_Exercise details_: Each line from the start of the records through the line containing "7 - JULIETTE BINOCHE" is to be transcribed exactly, and no other line is to be included.

Stored data:
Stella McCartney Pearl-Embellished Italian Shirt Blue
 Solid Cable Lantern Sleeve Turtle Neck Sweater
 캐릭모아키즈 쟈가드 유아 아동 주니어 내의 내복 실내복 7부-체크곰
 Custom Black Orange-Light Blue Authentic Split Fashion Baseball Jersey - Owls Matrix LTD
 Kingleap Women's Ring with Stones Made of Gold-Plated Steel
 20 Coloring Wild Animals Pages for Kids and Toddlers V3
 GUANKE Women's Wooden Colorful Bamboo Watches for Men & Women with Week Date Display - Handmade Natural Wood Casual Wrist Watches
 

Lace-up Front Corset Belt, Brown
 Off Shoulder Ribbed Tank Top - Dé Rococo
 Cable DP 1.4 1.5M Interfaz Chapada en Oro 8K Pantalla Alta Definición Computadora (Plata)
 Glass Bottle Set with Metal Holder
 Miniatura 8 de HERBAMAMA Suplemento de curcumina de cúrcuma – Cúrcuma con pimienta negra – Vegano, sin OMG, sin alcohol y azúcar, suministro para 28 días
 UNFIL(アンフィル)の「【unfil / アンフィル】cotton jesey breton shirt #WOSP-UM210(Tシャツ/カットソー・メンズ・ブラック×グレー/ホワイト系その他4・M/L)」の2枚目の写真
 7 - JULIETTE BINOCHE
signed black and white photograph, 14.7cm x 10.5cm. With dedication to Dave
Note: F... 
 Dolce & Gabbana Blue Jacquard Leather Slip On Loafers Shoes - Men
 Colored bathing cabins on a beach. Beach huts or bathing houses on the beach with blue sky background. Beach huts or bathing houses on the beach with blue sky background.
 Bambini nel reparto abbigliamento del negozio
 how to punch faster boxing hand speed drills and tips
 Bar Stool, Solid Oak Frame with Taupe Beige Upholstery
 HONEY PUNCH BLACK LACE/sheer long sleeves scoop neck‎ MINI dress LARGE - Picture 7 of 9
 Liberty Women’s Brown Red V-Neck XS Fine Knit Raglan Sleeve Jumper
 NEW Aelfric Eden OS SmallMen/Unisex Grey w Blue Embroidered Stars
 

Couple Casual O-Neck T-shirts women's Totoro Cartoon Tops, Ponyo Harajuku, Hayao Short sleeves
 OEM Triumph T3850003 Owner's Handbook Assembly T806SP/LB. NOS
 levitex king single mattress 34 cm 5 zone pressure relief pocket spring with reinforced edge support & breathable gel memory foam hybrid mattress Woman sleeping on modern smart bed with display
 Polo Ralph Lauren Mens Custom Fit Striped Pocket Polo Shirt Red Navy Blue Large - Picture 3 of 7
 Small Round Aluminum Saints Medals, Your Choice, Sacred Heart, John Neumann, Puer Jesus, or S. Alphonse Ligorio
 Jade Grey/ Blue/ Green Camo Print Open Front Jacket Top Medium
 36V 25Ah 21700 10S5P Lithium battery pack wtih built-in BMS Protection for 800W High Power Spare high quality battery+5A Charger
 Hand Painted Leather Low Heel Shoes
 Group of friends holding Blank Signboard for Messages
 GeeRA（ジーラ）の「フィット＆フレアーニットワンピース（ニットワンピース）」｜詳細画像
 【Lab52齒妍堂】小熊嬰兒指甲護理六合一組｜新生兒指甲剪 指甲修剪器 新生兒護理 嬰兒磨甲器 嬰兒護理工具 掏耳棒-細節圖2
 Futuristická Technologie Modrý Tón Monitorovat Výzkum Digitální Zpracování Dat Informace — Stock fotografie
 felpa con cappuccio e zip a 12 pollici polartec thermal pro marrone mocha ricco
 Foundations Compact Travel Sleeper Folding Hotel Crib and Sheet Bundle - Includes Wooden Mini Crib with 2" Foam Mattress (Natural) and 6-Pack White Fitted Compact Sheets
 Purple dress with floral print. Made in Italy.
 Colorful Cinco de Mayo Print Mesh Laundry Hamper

_Your response_:
Stella McCartney Pearl-Embellished Italian Shirt Blue
 Solid Cable Lantern Sleeve Turtle Neck Sweater
 캐릭모아키즈 쟈가드 유아 아동 주니어 내의 내복 실내복 7부-체크곰
 Custom Black Orange-Light Blue Authentic Split Fashion Baseball Jersey - Owls Matrix LTD
 Kingleap Women's Ring with Stones Made of Gold-Plated Steel
 20 Coloring Wild Animals Pages for Kids and Toddlers V3
 GUANKE Women's Wooden Colorful Bamboo Watches for Men & Women with Week Date Display - Handmade Natural Wood Casual Wrist Watches
 

Lace-up Front Corset Belt, Brown
 Off Shoulder Ribbed Tank Top - Dé Rococo
 Cable DP 1.4 1.5M Interfaz Chapada en Oro 8K Pantalla Alta Definición Computadora (Plata)
 Glass Bottle Set with Metal Holder
 Miniatura 8 de HERBAMAMA Suplemento de curcumina de cúrcuma – Cúrcuma con pimienta negra – Vegano, sin OMG, sin alcohol y azúcar, suministro para 28 días
 UNFIL(アンフィル)の「【unfil / アンフィル】cotton jesey breton shirt #WOSP-UM210(Tシャツ/カットソー・メンズ・ブラック×グレー/ホワイト系その他4・M/L)」の2枚目の写真
 7 - JULIETTE BINOCHE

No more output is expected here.